### Task details
Repeat exactly, and only, the lines from the one containing "Motor Kubota 2 cilindros Z482" through the end of the records.

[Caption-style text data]
"""
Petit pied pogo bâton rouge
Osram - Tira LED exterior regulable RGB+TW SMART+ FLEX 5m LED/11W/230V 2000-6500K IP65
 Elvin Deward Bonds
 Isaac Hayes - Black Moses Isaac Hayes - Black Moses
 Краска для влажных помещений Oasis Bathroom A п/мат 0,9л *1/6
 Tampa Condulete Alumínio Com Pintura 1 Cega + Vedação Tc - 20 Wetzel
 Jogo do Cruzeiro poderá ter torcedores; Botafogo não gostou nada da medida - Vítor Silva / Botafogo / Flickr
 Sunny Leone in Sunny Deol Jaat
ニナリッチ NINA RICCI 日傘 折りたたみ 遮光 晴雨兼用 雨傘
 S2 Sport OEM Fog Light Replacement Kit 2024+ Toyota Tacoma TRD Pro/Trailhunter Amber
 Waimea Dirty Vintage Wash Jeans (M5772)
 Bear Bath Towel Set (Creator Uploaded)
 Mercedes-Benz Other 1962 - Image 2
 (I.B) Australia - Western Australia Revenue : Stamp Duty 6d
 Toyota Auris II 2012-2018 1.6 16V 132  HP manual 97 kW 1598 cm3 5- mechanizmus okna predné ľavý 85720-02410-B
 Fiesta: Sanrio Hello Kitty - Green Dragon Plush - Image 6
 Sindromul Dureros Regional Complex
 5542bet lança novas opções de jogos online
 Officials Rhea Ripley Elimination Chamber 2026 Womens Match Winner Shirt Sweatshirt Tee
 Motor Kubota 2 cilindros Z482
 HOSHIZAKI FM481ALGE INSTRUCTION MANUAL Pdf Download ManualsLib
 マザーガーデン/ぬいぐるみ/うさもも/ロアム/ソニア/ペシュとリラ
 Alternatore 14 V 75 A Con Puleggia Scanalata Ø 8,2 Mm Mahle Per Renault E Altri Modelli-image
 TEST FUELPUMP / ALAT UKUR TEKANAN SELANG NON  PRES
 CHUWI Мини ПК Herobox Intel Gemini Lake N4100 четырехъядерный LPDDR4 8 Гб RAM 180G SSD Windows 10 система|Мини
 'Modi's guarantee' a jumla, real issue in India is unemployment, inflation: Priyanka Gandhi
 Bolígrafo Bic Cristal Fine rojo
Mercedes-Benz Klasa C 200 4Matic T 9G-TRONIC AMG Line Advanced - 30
"""
### Response
 Motor Kubota 2 cilindros Z482
 HOSHIZAKI FM481ALGE INSTRUCTION MANUAL Pdf Download ManualsLib
 マザーガーデン/ぬいぐるみ/うさもも/ロアム/ソニア/ペシュとリラ
 Alternatore 14 V 75 A Con Puleggia Scanalata Ø 8,2 Mm Mahle Per Renault E Altri Modelli-image
 TEST FUELPUMP / ALAT UKUR TEKANAN SELANG NON  PRES
 CHUWI Мини ПК Herobox Intel Gemini Lake N4100 четырехъядерный LPDDR4 8 Гб RAM 180G SSD Windows 10 система|Мини
 'Modi's guarantee' a jumla, real issue in India is unemployment, inflation: Priyanka Gandhi
 Bolígrafo Bic Cristal Fine rojo
Mercedes-Benz Klasa C 200 4Matic T 9G-TRONIC AMG Line Advanced - 30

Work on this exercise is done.